Will SET-BC pay for a district to bring in an outside speaker?

Possibly – this would go through our Provincial Review as a potential request that comes from several districts.  Depending on the speaker and topic, this would be reviewed under the assumption that the speaker/topic may be of interest to multiple districts so we could look at sponsoring a speaker for not just one district but for multiple districts through face-to-face, virtual and archived Tier 1 activities.  This has been supported in past years with speakers such as Shelley Moore, Carolyn Musselwhite, and Faye Brownlie.  If districts are interested in specific speakers, they should indicate this in the Tier 1 section of their District Request for Service.

Will SET-BC provide release time for teachers / EAs to attend Tier 1 Professional Learning activities?

No – this is not supported. SET-BC does not have funding to support district release time for attendance at Professional Learning or training events.

Will SET-BC provide travel and accommodation costs for district or school staff traveling to Tier 1 Professional Learning activities?

No – this would be a district expense.

How many Tier 1 activities and/or days of consultant time is each district allocated each school year?

Tier 1 Professional Learning activities are not allocated – the availability of consultants for delivery of Tier 1 services depends entirely on the reasonableness of the request, the size of the district, and the time our consultants have available during the school year. Again, it is important for districts to prioritize their requests on the District Request for Service.

Can a district request a Tier 1 Professional Learning activity during the school year (i.e. not identified on the DRFS but as an emerging need)?

Possibly – the priority for the SET-BC Provincial Review Team will be to support as many Tier 1 requests as identified on the DRFS as possible for all districts across the province. If a district has an emerging Tier 1 need during the school year, the District Planning Team could approach their SET-BC Service Coordinator with the request but it would need to go to the Provincial Team to determine if it could be supported given the existing service delivery schedule. Emerging requests would not be considered a priority and would be handled on an “as possible only” basis.
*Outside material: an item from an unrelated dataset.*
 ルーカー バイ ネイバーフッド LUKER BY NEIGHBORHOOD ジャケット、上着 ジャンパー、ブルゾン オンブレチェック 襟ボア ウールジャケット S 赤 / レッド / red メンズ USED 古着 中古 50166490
If it is something that can be supported, the DRFS would be amended to reflect the additional service provision. District Partners should contact their SET-BC Service Coordinator to discuss possible DRFS amendments for emerging requests during the school year.
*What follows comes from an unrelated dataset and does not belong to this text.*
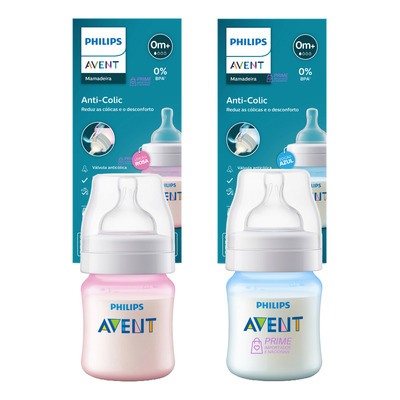 Mamadeira Anti-Cólica Azul - 125ml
Can districts request any sort of Tier 1 Professional Learning activity the District Planning Committee feels meets the district’s needs?

Yes – districts can identify any Tier 1 Professional Learning request on the DRFS. However, the function of the SET-BC Provincial Review process is to determine if any specific request (in any of the tiers) is supportable given the SET-BC mandate, the level of expertise of the consultants, and the reasonableness of the request in terms of timeline. All these factors will be taken into account during the Provincial Review. The SET-BC Service Coordinator will also discuss the appropriateness of the request during the District Request for Service meeting and will help districts submit requests that have the highest potential for support.

Tier 2 Training Questions

How many Tier 2 training activities and/or days of consultant time is each district allocated each year?
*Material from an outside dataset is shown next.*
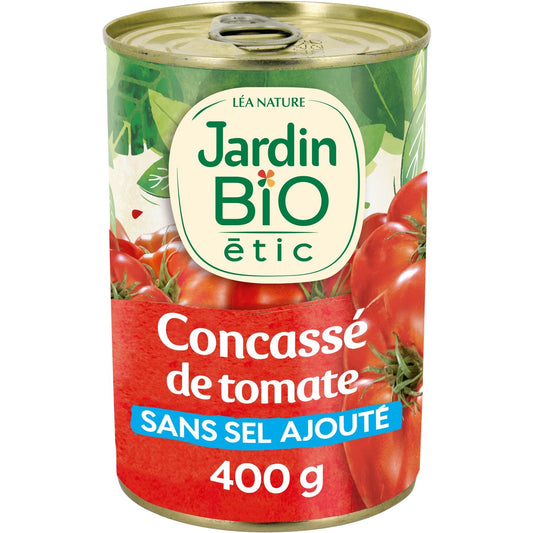 Crushed Peeled Tomatoes Without Added Salt Organic JARDIN BIO ETIC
Tier 2 training activities are not allocated – the availability of consultants for delivery of Tier 2 training services depends entirely on the reasonableness of the request, the size of the district, and the time our consultants have available during the school year. It is important for districts to prioritize their requests on the District Request for Service so the Provincial Review can identify those services most important to districts.

Can Tier 2 training activities include training on hardware or software not available through SET-BC?

Yes – districts can request Tier 2 training on hardware or software currently available in the district for students regardless of source. The goal of Tier 2 training service is to help teachers and EAs utilize technologies available in the district that are currently under utilized due to a lack of training.

What is the difference between Tier 1 Professional Learning and Tier 2 training services?

The difference between Tier 1 Professional Learning and Tier 2 training lies with the topic of the activity and possibly the audience.

Tier 1 Professional Learning is broad based and seeks to create a strong foundation for teachers and EAs on how technology in general can support diverse students in the classroom. Participants in Tier 1 Professional Learning may not have immediate access to the technologies highlighted but need an overview or sense of the options available to support educational initiatives such as UDL or Digital Citizenship.

Tier 2 training is very narrow and seeks to train teachers and EAs on how to use a specific piece of equipment or software. Participants in Tier 2 training should have immediate access to the technology (e.g. use it on Monday). Ideally, District Planning Committees will look at how Tier 1 Professional Learning builds a foundation for Tier 2 training activities (and Tier 2 classroom-based solutions) as part of an overall district plan for in-service and staff development.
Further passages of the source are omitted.